While supermarkets tend to prefer proper tunes (as well as the Fab Four we’ve been treated to Whole Lotta Love and Radiohead’s High and Dry while out grocery shopping), Muzak is the order of the day everywhere else. And I really do mean everywhere. Elevators in department stores, hotel lobbies, street corners, even a floor polishing machine at Shin Kobe station. You name it, whether it’s a xylophone interpretation of every track from Dusty in Memphis or a pan-pipe rendition of the Titanic theme tune, there’s a Muzak version of something for any occasion and every location.

It feels as if there’s an overriding need to provide something to listen to while in an urban environment. Something to mask the general hubbub and roar of traffic. Osaka and Kyoto are the worst offenders. The most unsuspecting of streets in both of these cities are the homes of some truly mind-numbing tunes.

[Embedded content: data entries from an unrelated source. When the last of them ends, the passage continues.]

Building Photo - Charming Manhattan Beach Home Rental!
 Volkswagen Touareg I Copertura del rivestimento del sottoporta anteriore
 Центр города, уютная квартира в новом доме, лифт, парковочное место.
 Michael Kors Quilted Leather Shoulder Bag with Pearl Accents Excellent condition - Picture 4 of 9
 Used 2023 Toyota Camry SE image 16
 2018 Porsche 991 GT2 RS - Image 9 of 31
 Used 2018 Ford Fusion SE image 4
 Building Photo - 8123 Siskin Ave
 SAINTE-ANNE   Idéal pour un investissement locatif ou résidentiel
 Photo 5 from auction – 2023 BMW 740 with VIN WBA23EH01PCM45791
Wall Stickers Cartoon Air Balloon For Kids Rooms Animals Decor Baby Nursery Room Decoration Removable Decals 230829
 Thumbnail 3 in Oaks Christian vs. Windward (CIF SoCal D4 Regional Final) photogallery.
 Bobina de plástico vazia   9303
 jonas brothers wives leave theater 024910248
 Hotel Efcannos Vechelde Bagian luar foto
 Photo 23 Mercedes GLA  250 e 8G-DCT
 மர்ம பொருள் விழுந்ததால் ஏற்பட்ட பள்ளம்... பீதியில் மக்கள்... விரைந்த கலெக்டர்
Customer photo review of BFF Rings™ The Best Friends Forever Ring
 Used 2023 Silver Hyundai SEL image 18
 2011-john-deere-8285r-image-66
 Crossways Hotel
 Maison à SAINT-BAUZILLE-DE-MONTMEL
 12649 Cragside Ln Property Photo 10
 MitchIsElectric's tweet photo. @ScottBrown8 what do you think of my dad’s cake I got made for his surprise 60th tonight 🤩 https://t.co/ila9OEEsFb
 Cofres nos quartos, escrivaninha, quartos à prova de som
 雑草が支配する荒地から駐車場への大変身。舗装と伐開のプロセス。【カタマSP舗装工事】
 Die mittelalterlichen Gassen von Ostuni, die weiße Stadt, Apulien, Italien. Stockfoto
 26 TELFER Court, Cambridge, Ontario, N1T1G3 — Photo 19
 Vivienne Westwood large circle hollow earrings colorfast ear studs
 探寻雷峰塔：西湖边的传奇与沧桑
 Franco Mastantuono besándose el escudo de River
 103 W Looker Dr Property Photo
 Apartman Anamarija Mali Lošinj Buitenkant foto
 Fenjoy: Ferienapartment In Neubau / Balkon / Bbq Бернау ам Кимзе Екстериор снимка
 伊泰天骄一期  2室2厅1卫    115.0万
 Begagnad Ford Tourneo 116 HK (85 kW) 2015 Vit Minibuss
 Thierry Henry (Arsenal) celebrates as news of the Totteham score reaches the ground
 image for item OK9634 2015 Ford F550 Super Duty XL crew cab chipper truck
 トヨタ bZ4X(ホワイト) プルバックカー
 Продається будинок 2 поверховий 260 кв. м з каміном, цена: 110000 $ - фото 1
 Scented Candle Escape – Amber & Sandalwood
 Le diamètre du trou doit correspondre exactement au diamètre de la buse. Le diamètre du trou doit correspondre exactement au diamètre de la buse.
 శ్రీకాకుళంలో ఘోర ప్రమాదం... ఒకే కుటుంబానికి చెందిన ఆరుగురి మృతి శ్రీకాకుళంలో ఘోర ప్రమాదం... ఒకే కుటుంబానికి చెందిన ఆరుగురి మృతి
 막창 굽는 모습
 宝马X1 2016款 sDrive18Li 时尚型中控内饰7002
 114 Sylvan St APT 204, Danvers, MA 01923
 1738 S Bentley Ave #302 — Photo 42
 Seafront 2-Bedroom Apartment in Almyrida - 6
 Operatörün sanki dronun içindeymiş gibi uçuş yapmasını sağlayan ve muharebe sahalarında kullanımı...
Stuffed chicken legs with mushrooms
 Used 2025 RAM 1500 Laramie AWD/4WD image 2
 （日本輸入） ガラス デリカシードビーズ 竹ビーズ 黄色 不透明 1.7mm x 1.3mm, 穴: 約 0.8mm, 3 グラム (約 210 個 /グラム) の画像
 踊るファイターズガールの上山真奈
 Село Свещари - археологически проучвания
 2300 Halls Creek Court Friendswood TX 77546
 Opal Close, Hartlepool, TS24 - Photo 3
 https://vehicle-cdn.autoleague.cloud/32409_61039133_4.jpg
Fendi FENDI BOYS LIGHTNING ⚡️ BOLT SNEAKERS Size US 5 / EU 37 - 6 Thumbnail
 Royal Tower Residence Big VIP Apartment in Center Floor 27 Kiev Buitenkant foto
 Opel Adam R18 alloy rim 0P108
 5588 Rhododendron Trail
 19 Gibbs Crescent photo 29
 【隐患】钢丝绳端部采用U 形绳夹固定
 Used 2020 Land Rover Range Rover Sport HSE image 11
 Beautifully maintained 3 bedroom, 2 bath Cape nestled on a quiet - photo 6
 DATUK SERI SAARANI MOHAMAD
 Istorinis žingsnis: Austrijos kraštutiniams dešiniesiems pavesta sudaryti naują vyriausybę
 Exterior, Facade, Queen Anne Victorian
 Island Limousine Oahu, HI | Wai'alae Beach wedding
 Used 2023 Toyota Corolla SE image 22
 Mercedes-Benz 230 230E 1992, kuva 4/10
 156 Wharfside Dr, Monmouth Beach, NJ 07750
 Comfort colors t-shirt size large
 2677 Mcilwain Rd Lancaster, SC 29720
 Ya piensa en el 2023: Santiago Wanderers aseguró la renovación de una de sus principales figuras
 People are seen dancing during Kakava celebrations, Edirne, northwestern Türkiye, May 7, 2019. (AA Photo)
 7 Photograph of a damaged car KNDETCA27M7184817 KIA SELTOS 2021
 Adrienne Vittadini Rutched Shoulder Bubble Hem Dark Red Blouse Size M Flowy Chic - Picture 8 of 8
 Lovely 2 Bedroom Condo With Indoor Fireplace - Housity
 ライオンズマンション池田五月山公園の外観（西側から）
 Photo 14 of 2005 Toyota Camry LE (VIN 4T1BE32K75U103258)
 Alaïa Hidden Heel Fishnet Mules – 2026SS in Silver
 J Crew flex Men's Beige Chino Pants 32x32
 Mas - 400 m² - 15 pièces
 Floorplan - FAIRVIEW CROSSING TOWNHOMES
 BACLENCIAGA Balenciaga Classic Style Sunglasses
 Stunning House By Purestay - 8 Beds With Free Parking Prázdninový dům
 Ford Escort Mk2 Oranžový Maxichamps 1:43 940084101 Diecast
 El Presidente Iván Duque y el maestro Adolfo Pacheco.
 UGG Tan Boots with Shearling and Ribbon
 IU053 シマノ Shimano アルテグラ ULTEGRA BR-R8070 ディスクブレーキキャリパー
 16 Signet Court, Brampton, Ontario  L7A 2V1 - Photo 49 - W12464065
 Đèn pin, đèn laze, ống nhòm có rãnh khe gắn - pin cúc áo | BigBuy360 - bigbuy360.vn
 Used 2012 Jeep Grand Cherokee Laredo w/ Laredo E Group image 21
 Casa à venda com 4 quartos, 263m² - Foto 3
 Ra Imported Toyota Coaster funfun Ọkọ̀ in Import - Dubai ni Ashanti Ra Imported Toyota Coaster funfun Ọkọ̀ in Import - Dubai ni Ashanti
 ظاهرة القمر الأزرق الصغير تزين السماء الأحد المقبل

As far as I can make out, this plays largely into a major dichotomy surrounding Japan. When it wants to do quiet and contemplative, few places on Earth can match it. Nowhere allows you to stop and think like hill-top shrines and hidden temples. But when it wants to do urban and brash, it appears Japan has to go the whole hog. Nowhere in town feels sacred, thanks largely to Muzak and music.

Still, hearing Mother Nature’s Son, one of my favourite Beatles tunes, while pondering whether to pay 600 yen for a punnet of strawberries is perhaps my most left field highlight of the trip so far. But with one week left here, I certainly wouldn’t complain if the speakers pumping out Muzak on Japanese city streets fell silent, even for just a few minutes.